The units within the CUSP curriculum complement the history curriculum which we have already developed as a school. The structure of the CUSP history curriculum is built around the principles of advancing cumulative knowledge, chronology, change through cause and consequence, as well as making connections within and throughout periods of time studied. CUSP History is planned so that the retention of knowledge is much more than just ‘in the moment knowledge’. A guiding principle of CUSP History is that pupils become ‘more expert’ with each study and grow an ever broadening and coherent mental timeline.
Specific and associated historical vocabulary is planned sequentially and cumulatively from Year 1 to Year 6. High frequency, multiple meaning words (Tier 2) are taught alongside and help make sense of subject specific words (Tier 3).
In the study of the past, our children increase their substantive knowledge. This is the subject knowledge and explicit vocabulary used about the past. This is learning about people, places, events and changes. Following the CUSP curriculum we have defined substantive concepts which are defined at the start of every history unit as a BIG IDEA.
The Big Ideas are:
Community: This gives us a focus on a large group of people living in a place.
Knowledge: This gives a focus on the difference knowledge makes to people.
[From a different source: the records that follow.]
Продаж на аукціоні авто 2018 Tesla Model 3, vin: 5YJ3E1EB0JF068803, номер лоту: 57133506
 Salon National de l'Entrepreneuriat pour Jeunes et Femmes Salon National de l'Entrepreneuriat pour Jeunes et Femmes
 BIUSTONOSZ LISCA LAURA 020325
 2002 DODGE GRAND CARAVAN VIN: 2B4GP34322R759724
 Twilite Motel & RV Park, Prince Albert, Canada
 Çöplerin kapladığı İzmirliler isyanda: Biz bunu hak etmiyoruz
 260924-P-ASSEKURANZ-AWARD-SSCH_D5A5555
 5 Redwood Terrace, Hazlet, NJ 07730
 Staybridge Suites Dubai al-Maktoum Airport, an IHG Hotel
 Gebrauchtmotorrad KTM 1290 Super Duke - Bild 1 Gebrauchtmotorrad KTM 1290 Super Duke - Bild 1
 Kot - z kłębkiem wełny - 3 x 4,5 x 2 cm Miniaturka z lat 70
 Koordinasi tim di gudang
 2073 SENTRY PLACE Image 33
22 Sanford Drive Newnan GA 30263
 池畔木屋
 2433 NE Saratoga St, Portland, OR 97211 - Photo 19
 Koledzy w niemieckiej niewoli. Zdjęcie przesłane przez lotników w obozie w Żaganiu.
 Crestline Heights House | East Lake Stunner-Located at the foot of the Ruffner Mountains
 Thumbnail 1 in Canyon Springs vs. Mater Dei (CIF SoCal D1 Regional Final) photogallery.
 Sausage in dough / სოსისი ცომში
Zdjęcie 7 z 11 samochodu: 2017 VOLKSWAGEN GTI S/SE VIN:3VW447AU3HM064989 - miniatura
Invasion: Taking over another country or region with an armed force.
Civilisation: A large group of people who follow similar laws, religion and rules.
Power: The power to advance technology, architecture and the arts or the power over people and places.
Democracy: A form of government voted for by the people.
In the study of the past, our children also increase their disciplinary knowledge; this is the use of that knowledge and how our children construct understanding through historical claims, arguments and accounts. We call it ‘working historically’ and may involve significance, evidence, continuity and change, cause and consequence, historical perspective and contextual interpretation.